Did I Calculate the Work Done Correctly on an Inclined Plane?

[anyone1979]

[SOLVED] Plane facts, I

Is this right?

A ramp has an incline angle of 25 degress. How much work must you do if you are to drag a 50 kg mass a distance of 100m upward along the ramp? Assume that the coefficient of kinetic friction is uk = .35 and that you apply the force parallel to the plane.

uk mg cos(25) = (.35)(50)(9.8)cos(25) = 155N
Wfk = (155)(100)cos(180) = -15.5*10^3J

W = (100)(100)(1) = 1*10^4J

Wtot = 1*10^4 + 15.5*10^3 = 25.5*10^3J

 

[mgb_phys]

Not sure what the second equation (100)(100)(1) means
but you should have (friction force * linear distance) + (weight * vertical displacement)

 

[photonsquared]

Work

Assuming the coordinate system is established with the x-axis parallel with the ramp you would use the following:

W = F*d where

F = Fgravityx + Ff where

Fgravityx = mgsin(25)

Ff = u*N and

u = coefficient of friction
N = mgcos(25)

W = d(Fgravityx + Ff)

Hope this helps

 

[anyone1979]

Thank you for replying me.

The second statement is (Work = friction force * distance * cos 25 degrees)

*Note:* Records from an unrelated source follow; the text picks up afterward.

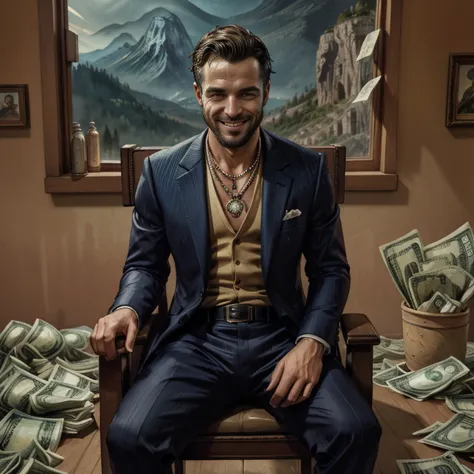 1 man sitting on a throne made of banknotes, wearing a suit, crown, large gemstone necklace, rings on every finger, smiling, sur...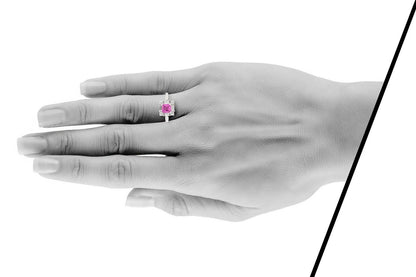 1.50 Carat Princess Cut Pink Sapphire Ring with Diamonds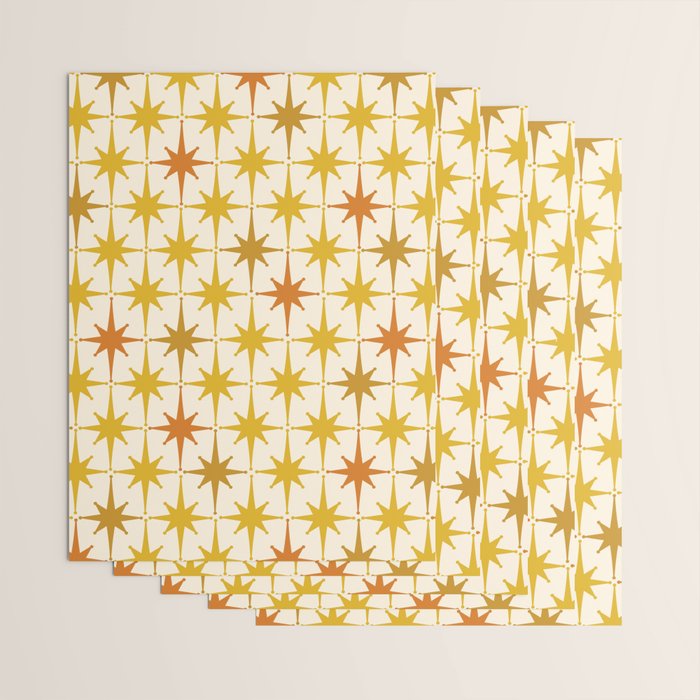 Midcentury Modern Atomic Starburst Pattern Mustard Ochre Orange Gold Cream Wrapping Paper Gallery Image 3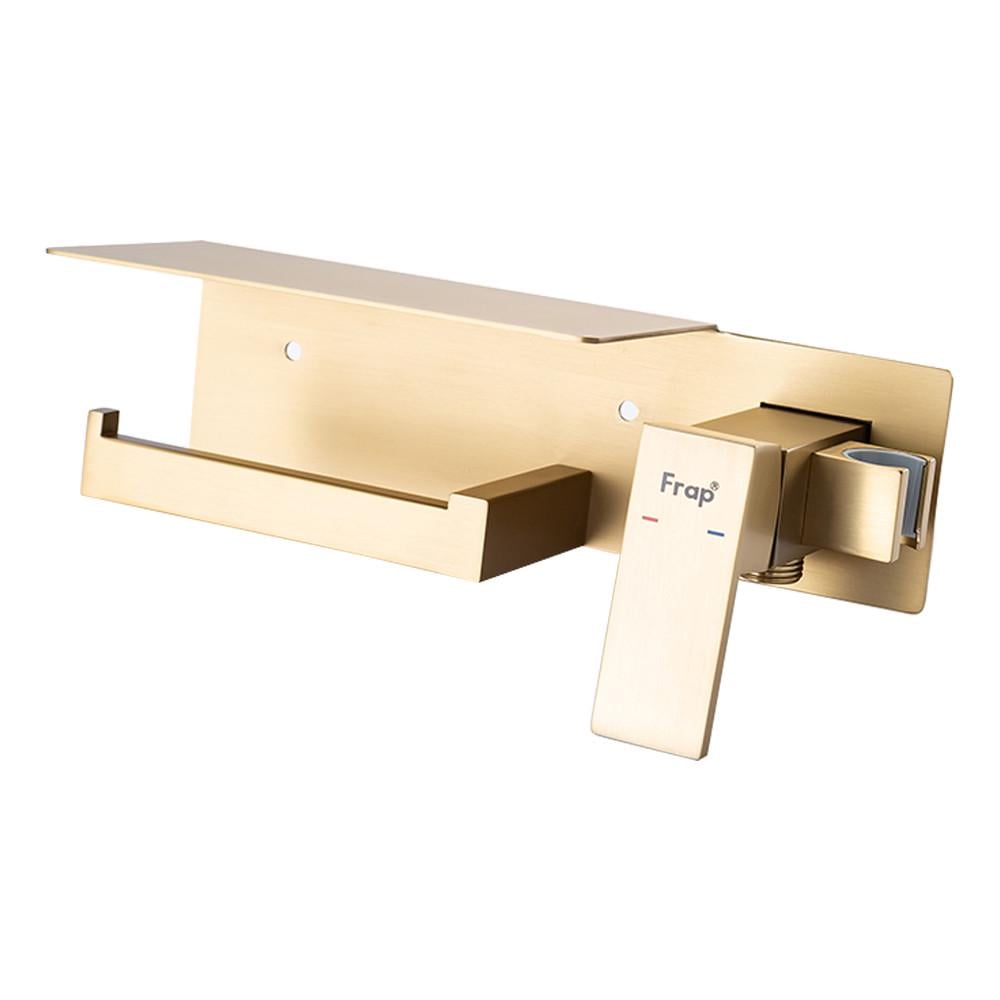 Гігієнічний душ Frap F2076-3 з паперотримачем та полицею Ø25 мм Золотий/Сатин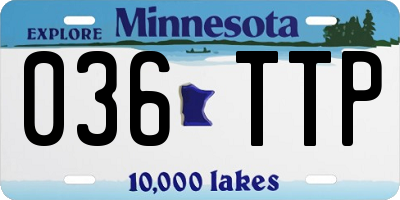 MN license plate 036TTP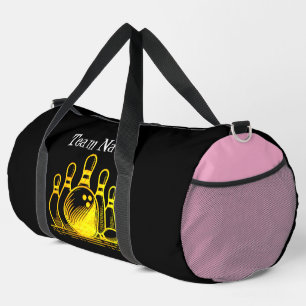 Anpassbare goldene Bowling-Team-Kunst Duffle Bag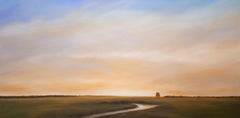 "Twilight Song", dipinto di paesaggio su tela, incorniciato in legno di noce, realismo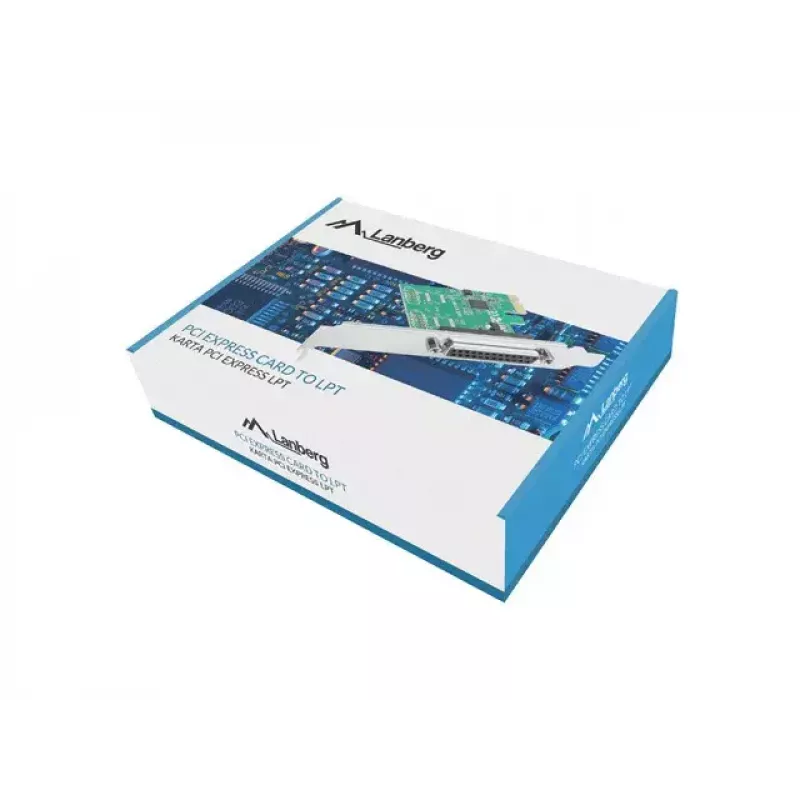 Lanberg PCE-LPT-001 placa PCIe com porta paralela LPT (DB25), suporte de perfil baixo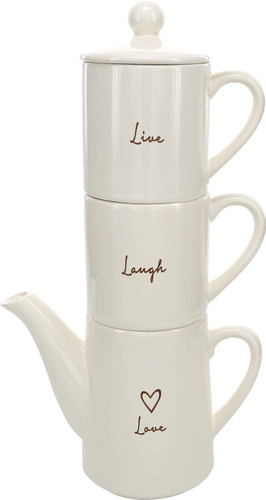 Live, Laugh, Love - Tea for Two Set (15 oz Teapot with 2 - 8 oz Cups) Live, Laugh, Love - Tea for Two Set (15 oz Teapot with 2 - 8 oz Cups)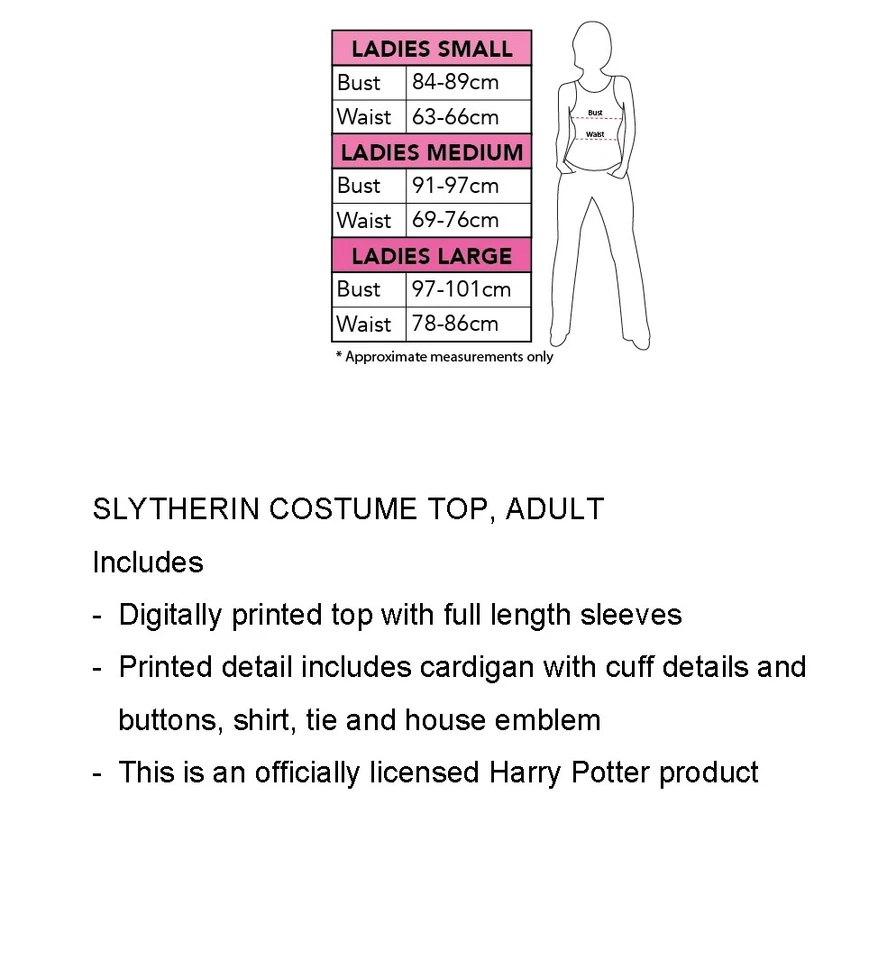 Licencia Damas Harry Potter Slytherin Disfraz Top Verde Libro Semana Camisa Foto 3 de 4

When I get the answer, I found the total work done by adding the work done by friction and the work done by the force to get the total work done.

Is that right?

 

[mgb_phys]

Work is always force * distance.
The easiest way is to consider both the force to overcome friction * the 100m distance
Plus the vertical force (weight) * the vertical displacement ( 100m * sin(25) )

 

[CCdragonlord]

After a few rotations, the dragon has the same radius of rotation, but a shorter tail (period). Explain what effect this would have on the horizontal force acting on Jam:

 

[anyone1979]

Thank you all so much.
Correct me if I am wrong.

Isn't Wgravity = mgh
and h = d sin(25)?

That should make Wnet = Wgravity + Wf + Wfk
Which should give you negative for Wnet, but work cannot be negative?

 

[photonsquared]

The work is due to the Force of gravity plus the Force of friction. Not sure what your third force is in your equation. Your equation is correct for the force due to gravity.

 

[anyone1979]

Thank you for replying back so quick.
I am a little confused, the question asked to assume that you apply the force parallel to the plane. So I made the constant force applied equal to the distance (100N).
So, that third force was the work done by the force applied. Am I reading the question right, or should I remove the third force?